Simpsons Text Generation


For our Machine Learning (CSCI 3345, Fall 2016) final project with Prof. Alvarez, we were given the opportunity to work with one of the various ML approaches we studied over the course of the semester in a practical manner. The problem we decided to tackle was text generation. In particular, we wanted to see how well a machine could write more Simpsons scripts based on 600 episodes of text as training data.  We decided to use a Long Short-term Memory Recurrent Neural Network for the procedural text generation, and due to the convincing argument put fourth by this article, we also compared our results with text generated using a simpler method: A Markov Chain.

Hosted on Github here.


Procedural natural language generation is an interesting and novel application of modern machine learning techniques. The ability to generate natural human language has a wide range of applications including software user interfaces that offer dynamic text, natural language summaries of live data, and even the creation of entertainment and comedy media. However, creating text that feels and sounds like natural spoken language is a challenging task. Identifying and understanding the characteristics of existing natural language samples can allow us to leverage these rules in the creation of new language samples.

The aim of this project was to explore some of the available procedural techniques for generating natural language.
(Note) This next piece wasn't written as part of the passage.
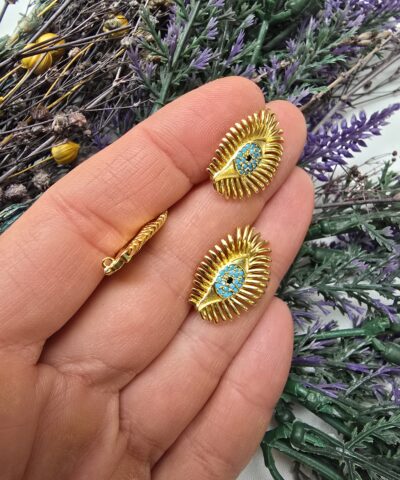 Alternative view of Göz Şekilli Charm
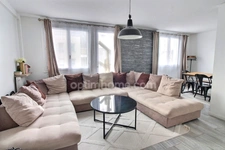 Appartement 5 pièces de 90 m2 à vendre à CARRIERES SOUS POISSY (78) au prix de 238000 euros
These modern procedure based approaches extract features from text samples in order to create a To accomplish this, we wanted to acquire a large data set of language that has many strong identifiers and a specific style so that we could reliably extract and apply characteristics of the text.

With this is mind we acquired a data set of all dialogue from the long running television show, the Simpsons. the Simpsons has been running new 30-minute episodes since 1989 and has aired of 605 episodes. the Simpsons data set was large, uniquely-styled, and varied enough in topic to serve as a viable and novel learning target. Using this data we were able to experiment with and analyze two different language generation approaches, implementing Markov chain and recurrent neural network models to create new text samples in the style of the Simpsons.

Technical Introduction

Natural Language Generation (NLG) typically refers to the practice of taking raw data and transforming it into a human-familiar natural format. Natural Language Generation has the business motivation of helping employees more quickly understand data insights as they change day to day (Glascott). NLG differs from other procedural generation tasks in that it typically has a root piece of information the algorithm is communicating, and builds language around it, where the goal of many procedural generation algorithms is to create an entirely new piece of content. However, NLG problems do introduce many challenging tasks around creating syntactically correct sentences and phrasings, and need to be properly tailored and trained to match the complex syntax of human language.

Procedural generation of natural language can be broken into two main categories. Character level generation creates sequences of text character by character. This method uniquely can introduce misspelled words since it is building language from the characters up. Word level generation uses only words from sample text or a dictionary. The comparison of these two models will be analyzed later in this paper.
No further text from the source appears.